Of the 206 women who reported smoking at booking, 166 were offered a referral to smoking cessation services, and 97 (58.43%) accepted the referral.

Cigarette smoking was associated with a lower mean z-score for birthweight (−0.587 vs. −0.064) and head circumference (−0.782 vs. −0.157) than using neither cigarettes nor cannabis (both outcomes P<0.0001). Using cannabis alone was associated with a lower mean z score than neither cannabis nor cigarette use for birthweight (−0.255 vs. 0.064) and head circumference (−0.393 vs. −0.157), but neither of these differences were statistically significant (P=0.087 and P=0.129, respectively). Cannabis and cigarette use were associated with both a significantly lower birthweight z score (−0.989 vs. −0.587, P=0.028) and head circumference z score (−1.33 vs. 0.782 z scores, P=0.025) than cigarette use alone. Young, mixed-race women were most likely to be both smoking and using cannabis during pregnancy, and their infants had a lower birthweight mean z score (−0.989 vs. −0.587, P=0.028) and head circumference z score (−1.33 vs. 0.782, P=0.025) than cigarette use alone.

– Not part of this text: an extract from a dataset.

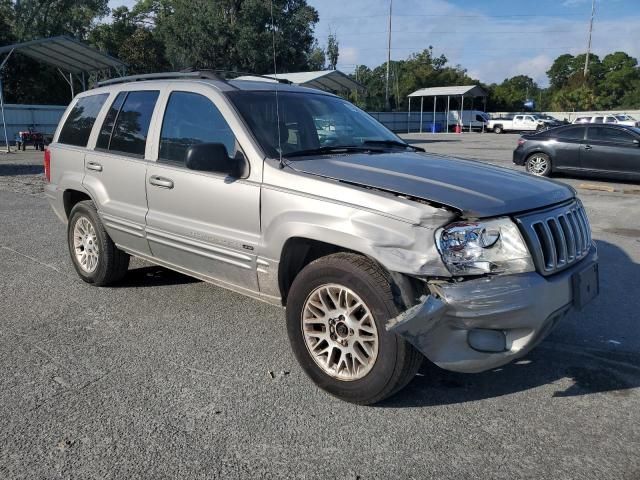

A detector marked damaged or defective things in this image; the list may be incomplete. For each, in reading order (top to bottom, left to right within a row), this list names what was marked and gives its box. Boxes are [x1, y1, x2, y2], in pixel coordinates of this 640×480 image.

dented hood [284, 152, 576, 218]
broken headlight housing [436, 217, 536, 276]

Significant differences were found in the birthweight z-scores between infants whose mothers did not smoke and those who smoked <5 cigarettes/day (mean difference =0.587, P<0.0001), 6−10 cigarettes/day (mean difference=0.590, P<0.0001), 11−20 cigarettes/day (mean difference=0.457, P=0.049) or 21−30 cigarettes/day (mean difference=1.13, P=0.041). Similarly, significant differences were identified in head circumference z-score between infants whose mothers did not smoke and those who smoked <5 or 6−10 cigarettes (mean differences=0.693 and 0.592, respectively, P<0.0001).

Four hundred and eighty-seven of the infants (11.31%) required admission to enhanced neonatal care: 112 were admitted to the NICU, 33 to the high-dependency unit, 199 to the special care baby unit and 143 to transitional care. No significant associations were found between maternal smoking or cannabis use and admission.


We have demonstrated that both smoking cigarettes and cannabis use were associated with a significant reduction in birthweight and head circumference z-scores. We used z-scores to adjust for sex and gestational age to assess those outcomes. Cannabis use alone was not associated with a significant reduction in birthweight or head circumference z-score, but the combination of cannabis and cigarette smoking resulted in a significant decrease in both z-scores compared to cigarette smoking alone. Importantly, we believe for the first time, we have demonstrated that young, mixed-race women were most likely to be both smoking and using cannabis during pregnancy and their infants had significantly lower birthweight and head circumference z scores than cigarette use alone.

Maternal smoking is known to be associated with reduced birthweight. Prenatal smoke exposure causes chronic hypoxic stress in the fetus [12], likely due to early morphological placental changes [13] which lead to reduced maternal intervillous space and reduced volume and surface area of fetal capillaries [14]. Smoking tobacco during pregnancy, particularly continuing to smoke after the pregnancy, is associated with a reduction in fetal head circumference growth of −0.56 mm/week [15]. Our finding that head circumference was negatively associated with maternal smoking is consistent with previous studies [16], although our study was unique in using z-scores to adjust head circumference measurements for gestational age and sex. Our results are of concern as small head circumference at birth and poor head circumference growth is associated with neurodevelopmental impairment [17]. We found that there were significant differences between smoking no cigarettes and smoking <5 or 6−10 cigarettes/day, although no dose-response effect of smoking was demonstrated. This may be due to the low numbers of women admitting to smoking a large number of cigarettes. Previous studies, however, have identified a similar effect, with the largest decrease in birthweight being seen at low levels of prenatal smoking [18]. This indicates that smoking cessation would benefit women admitting to smoking low numbers of cigarettes prenatally and the focus should be on complete cessation rather than reducing the number of cigarettes.

The mechanism of action by which cannabis may affect fetal growth and development is less well defined. Tetrahydrocannabinol (THC) is able to cross the placenta, but fetal THC concentrations have been found to be lower than maternal concentrations. Cannabis smoking produces 5 times as much carbon monoxide as smoking cigarettes, so it is postulated that cannabis may affect fetal oxygenation, thereby altering fetal growth and development [19]. A meta-analysis of the effect of cannabis found that it is not an independent risk factor for low birthweight or pre-term delivery [7]. Previous studies, however, have noted that it is difficult to separate the effect of cannabis use from concomitant tobacco smoking, other recreational drug use or socioeconomic status, particularly at high levels of cannabis use [7]. Our study found that cannabis alone did not cause a significant reduction in birthweight or head circumference z-score, but cannabis and cigarette smoking did reduce both measures further to cigarette smoking alone.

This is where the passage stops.